YOUR ASSIGNMENT
Given these entries, repeat exactly the lines starting with the one that has "826 Kingfisher Dr. - Photo 40" and going on through the one that has "Pesquisar por cabeça", both included, but none of the pictures.

EXERCISE MATERIAL section start

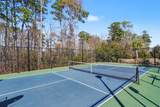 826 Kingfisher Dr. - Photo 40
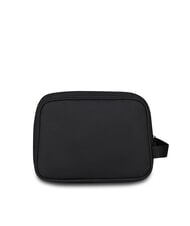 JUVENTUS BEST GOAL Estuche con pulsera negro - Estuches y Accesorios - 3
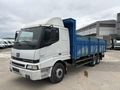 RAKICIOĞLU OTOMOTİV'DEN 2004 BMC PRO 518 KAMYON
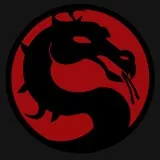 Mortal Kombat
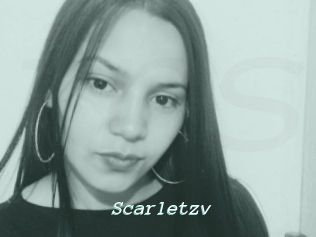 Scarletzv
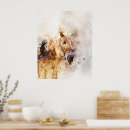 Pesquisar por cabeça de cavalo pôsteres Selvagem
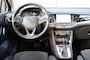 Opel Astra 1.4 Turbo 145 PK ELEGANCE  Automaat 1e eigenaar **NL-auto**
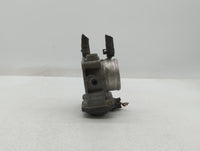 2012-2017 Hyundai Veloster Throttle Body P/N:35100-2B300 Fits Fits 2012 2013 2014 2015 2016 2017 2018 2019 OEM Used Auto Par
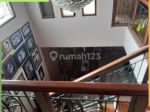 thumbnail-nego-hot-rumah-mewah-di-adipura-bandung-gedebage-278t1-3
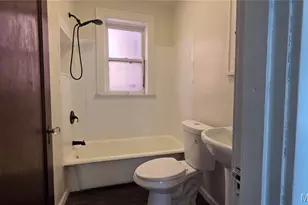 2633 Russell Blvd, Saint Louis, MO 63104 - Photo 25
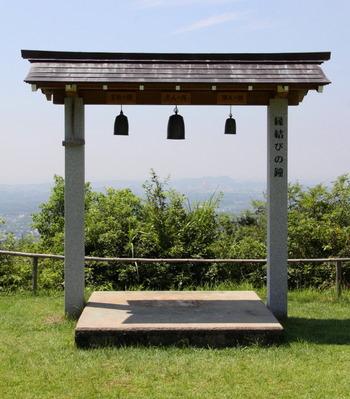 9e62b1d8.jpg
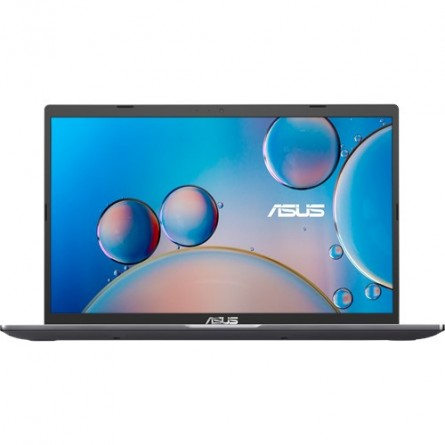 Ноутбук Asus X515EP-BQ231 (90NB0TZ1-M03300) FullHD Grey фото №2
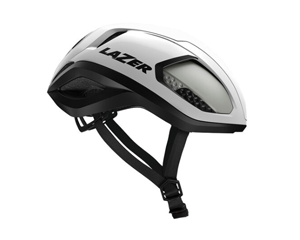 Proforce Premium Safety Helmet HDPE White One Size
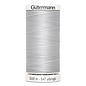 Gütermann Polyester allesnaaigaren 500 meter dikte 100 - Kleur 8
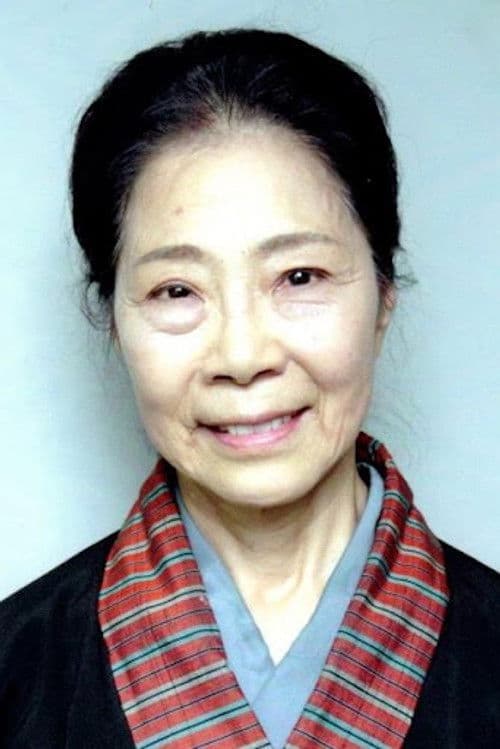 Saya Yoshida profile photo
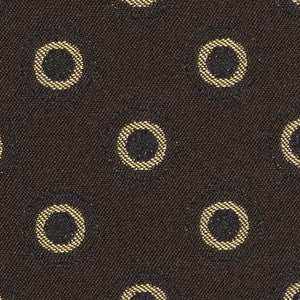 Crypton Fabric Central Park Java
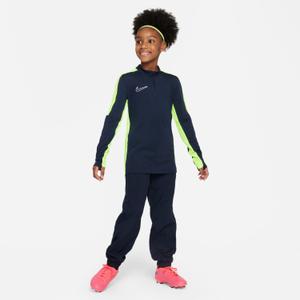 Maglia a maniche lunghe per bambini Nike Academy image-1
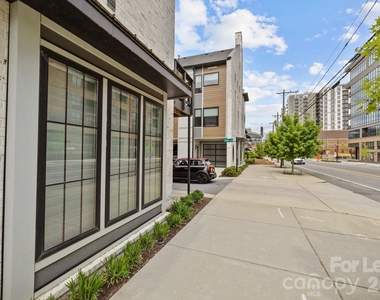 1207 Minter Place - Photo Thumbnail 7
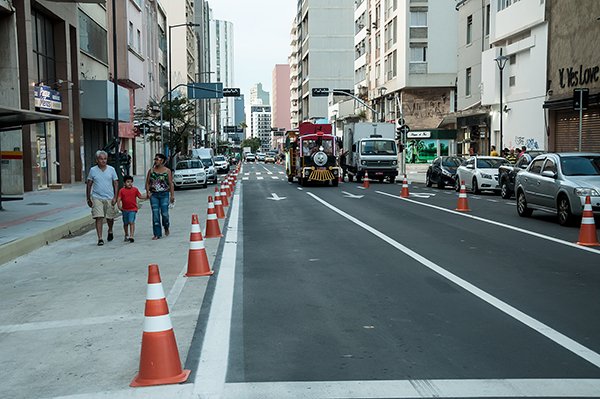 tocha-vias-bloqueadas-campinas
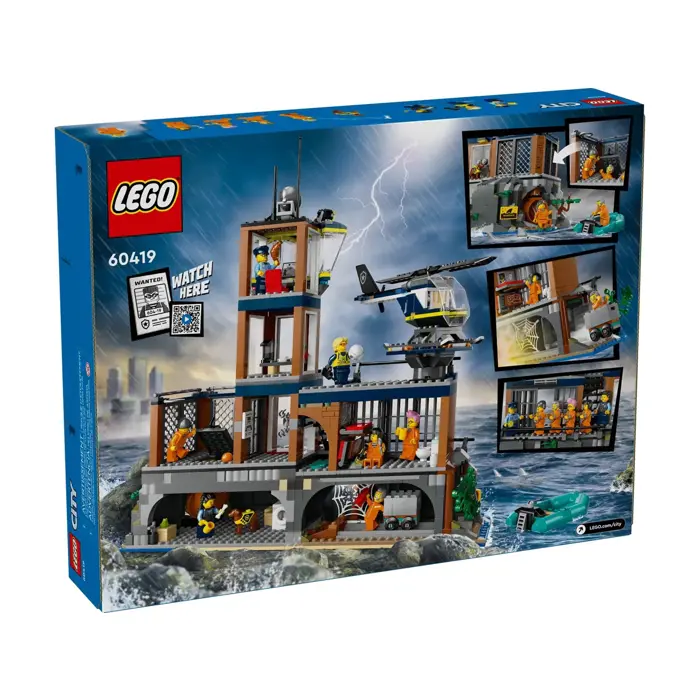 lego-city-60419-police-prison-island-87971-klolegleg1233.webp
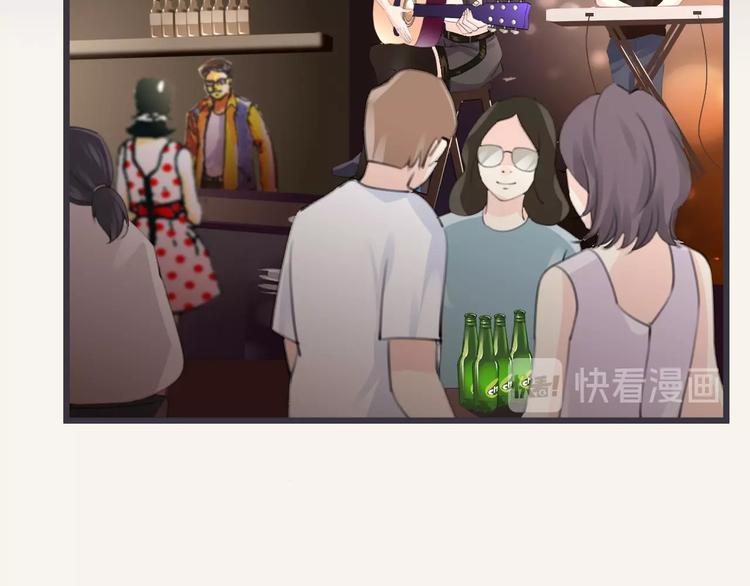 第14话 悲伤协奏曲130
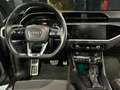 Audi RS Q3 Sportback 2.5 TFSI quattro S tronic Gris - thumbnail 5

EXERCISE MATERIAL section end
EXERCISE MATERIAL section start

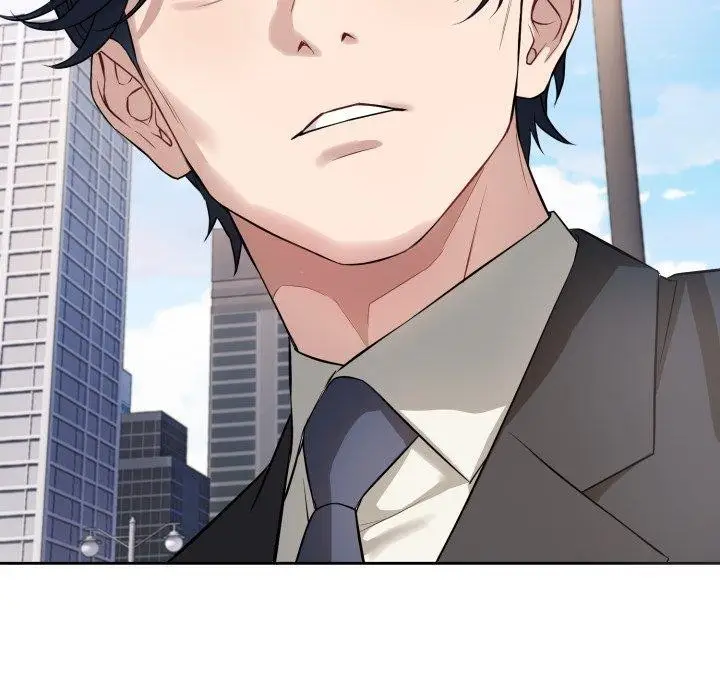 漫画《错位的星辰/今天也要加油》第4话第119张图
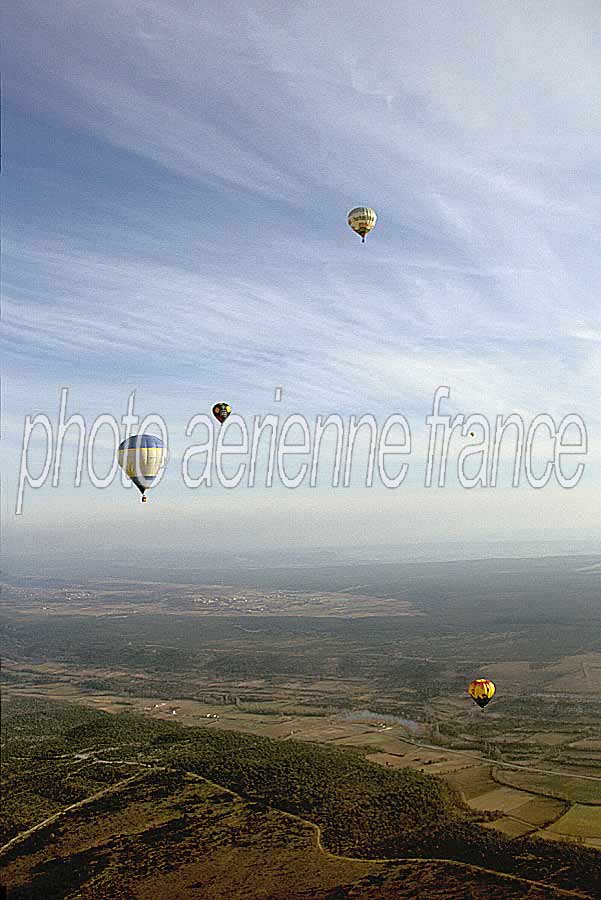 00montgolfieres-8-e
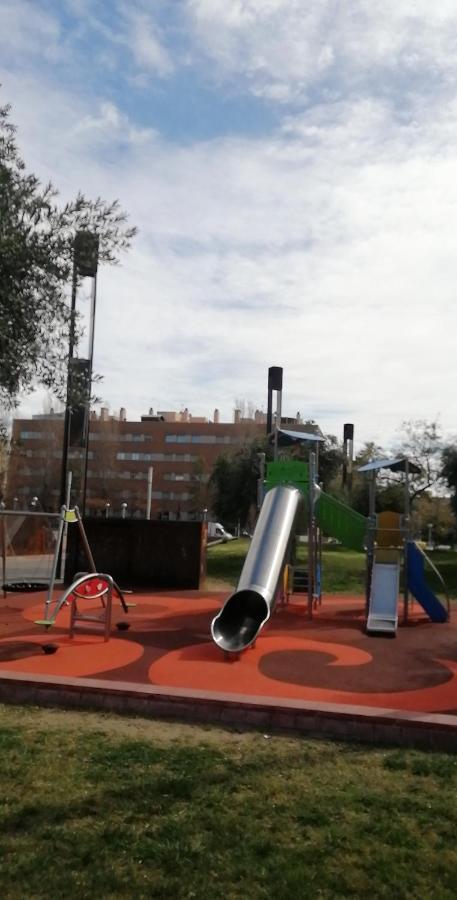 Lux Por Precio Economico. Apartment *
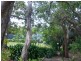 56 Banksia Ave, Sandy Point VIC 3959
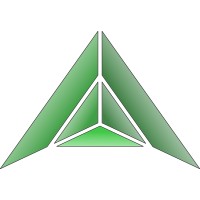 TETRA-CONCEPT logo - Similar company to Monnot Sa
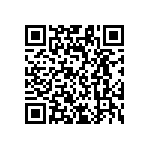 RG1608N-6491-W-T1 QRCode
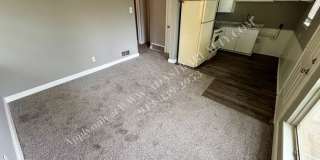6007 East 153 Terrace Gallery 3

EXERCISE MATERIAL section end
EXERCISE MATERIAL section start

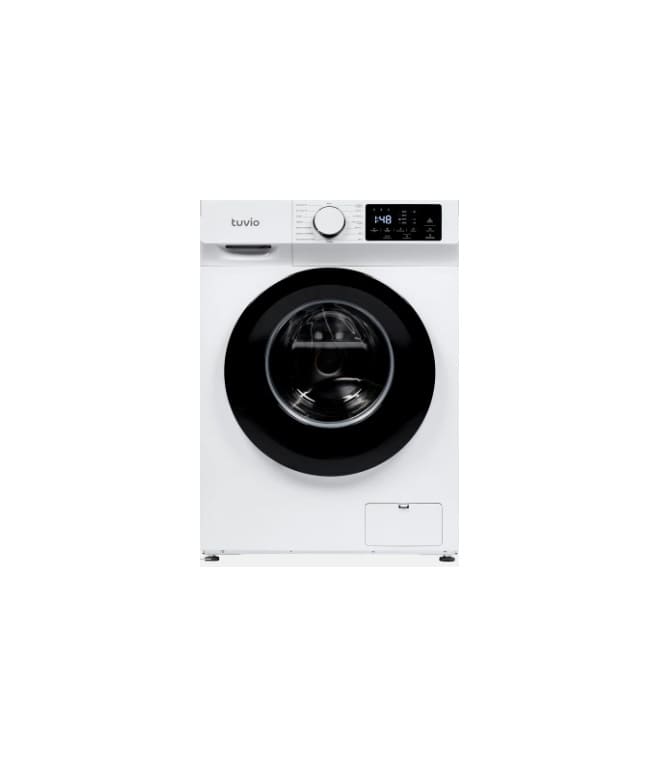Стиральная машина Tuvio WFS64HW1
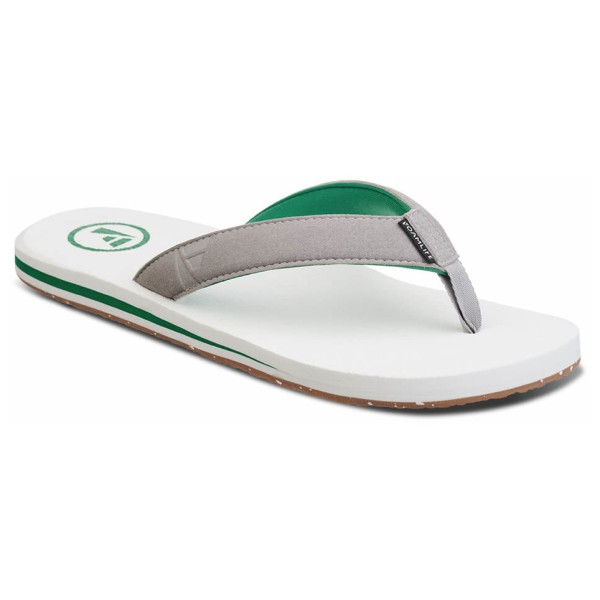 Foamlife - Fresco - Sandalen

EXERCISE MATERIAL section end

RESULT OF THE EXERCISE
 826 Kingfisher Dr. - Photo 40
 JUVENTUS BEST GOAL Estuche con pulsera negro - Estuches y Accesorios - 3
 RAKICIOĞLU OTOMOTİV'DEN 2004 BMC PRO 518 KAMYON
 Mortal Kombat
 Scarletzv
 Pesquisar por cabeça de cavalo pôsteres Selvagem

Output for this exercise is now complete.